Learning with Aggregate Data

23 Feb
Friday, 02/23/2018 9:00am to 11:00am
Lederle Graduate Research Center, Room A310
Ph.D. Dissertation Proposal Defense
Speaker: Tao Sun

"Learning with Aggregate Data"

Various real-world applications involve directly dealing with aggregate data. In this work, we study Learning with Aggregate Data from several perspectives and try to address their combinatorial challenges.

At first, we study the problem of learning in Collective Graphical Models (CGMs), where only noisy aggregate observations are available. We show the exact inference is NP-hard and propose an approximate inference for CGMs. By solving the inference problems, we are empowered to build large-scale bird migration models, and models for human mobility under the differential privacy setting.

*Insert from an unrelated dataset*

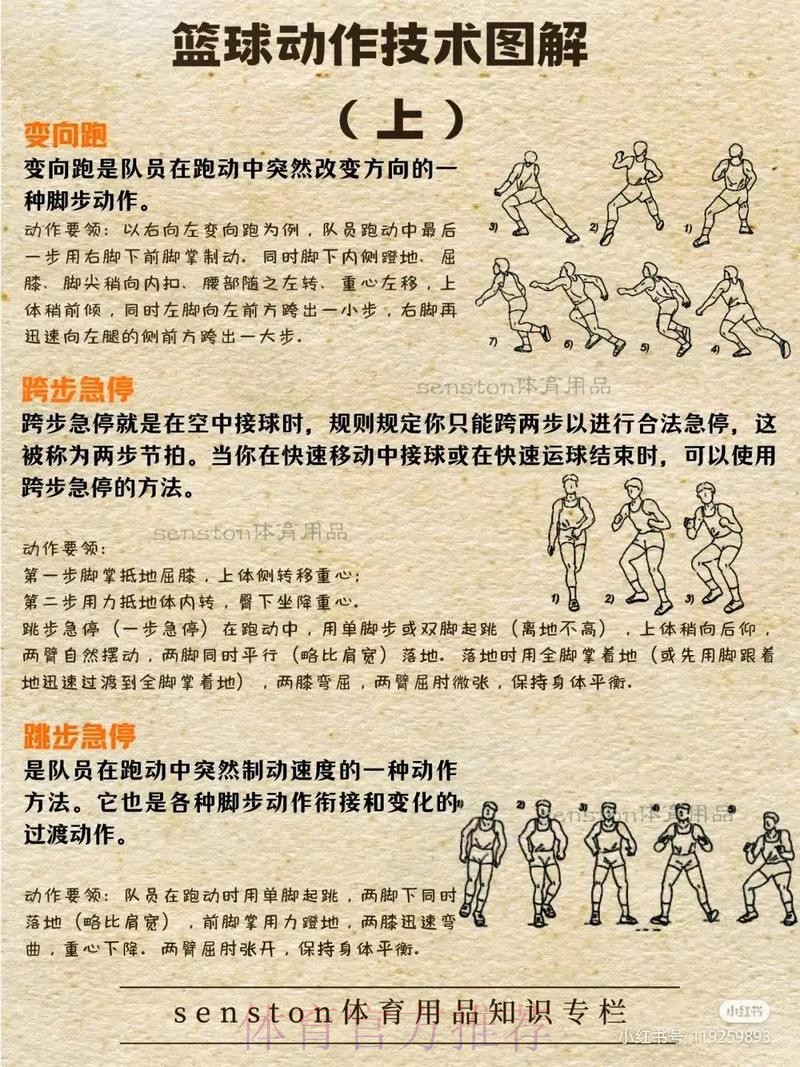 深入解析篮球世界杯下注技巧与策略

Secondly, we consider problems given bags of instances and bag-level aggregate supervisions. Specifically, we study the US presidential election and try to build a model to understand the voting preferences of either individuals or some demographic groups. The data consists of characteristic individuals from the census data within each voting precinct, and aggregate supervisions of voting totals per precinct. We consider Learning with Label Proportions (LLPs) to build an instance- level model. We propose a fully probabilistic LLP with efficient exact inference.

Thirdly, we study Distribution Regression (DR), which has similarly setting to LLPs but builds bag-level models. Existing models build upon kernel mean embedding and have strong kernel assumptions, we relax them by proposing a simple, deep neural network based model that could process data with large bag size and large feature dimensions.

Advisor: Daniel Sheldon